Крепким здоровьем Гейнц с рождения не отличался, унаследовав от матери болезнь сердца, от которой мать умерла тридцати лет от роду. Теперь вызванные врачи один за другим разводили руками и повторяли, что это нервная горячка, жар не сбивается, что при слабом сердце мальчика дни его сочтены.
Советник Хорн должен быть уезжать, но отложил отъезд, раз речь шла о днях, он решил дождаться определённости.
Появление в доме этого «сына» было для советника Хорна крайне нежелательным. Не то чтобы советник был злым человеком, но мальчишка явно был непутёвым, маленьким, и в том, что он умрет, большой трагедии для советника Хорна не было, разве что несколько откладывался отъезд. Несвоевременно. Не приехать на похороны сына было бы странно, это говорило бы о душевной черствости советника, а ради этого возвращаться – хлопотно. Понятно, что у постели сына советник не сидел, но периодически заходил и спрашивал тех, кто при мальчике находился: «Ему хуже?», и спрашивал он это со все возрастающим нетерпением.
Первые дни Гейнц метался в жару, но краснота спадала с его лица, он все бледнел, губы его быстро синели, синел низ лица, западали глаза и очертился до остроты его нос с легкой горбинкой.
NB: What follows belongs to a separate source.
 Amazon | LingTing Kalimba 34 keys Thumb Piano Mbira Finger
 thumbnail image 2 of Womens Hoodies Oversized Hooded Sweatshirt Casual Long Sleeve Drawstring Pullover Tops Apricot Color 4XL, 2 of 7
Потом Гейнц ослабел так, что не мог приподнять не только головы, но и руки. Он ничего не ел, почти перестал пить, сестра никого к нему не подпускала, кроме врачей, сама ухаживала за ним, плакала, когда он впадал в беспамятство, и улыбалась, когда он открывал глаза.
Он приходил в себя все реже, отыскав глазами среди присутствующих Анну-Марию, смотрел на неё, отворачивался к стене, едва принимая воду с салфетки, которой Анна-Мария смачивала его губы, но однажды неожиданно для Анны-Марии он вдруг взял ее за руку, потянул к себе, а когда она наклонилась к нему, зашептал только ей, что он видел сон. Он был в Городе, где у всех людей были скрипки и где был очень красивый дирижер, с прямыми седыми, как у господина Ференца Листа, волосами, и этот дирижер подарил ему маленькую скрипку. Сказал, что он не хочет тут оставаться, он уходит туда, и пусть она не плачет, он скоро ее заберет, она будет с ним жить там, она будет петь и играть на рояле, а он будет целыми днями играть на скрипке, и тогда все будет по-настоящему хорошо. Здесь всё равно жить не дадут.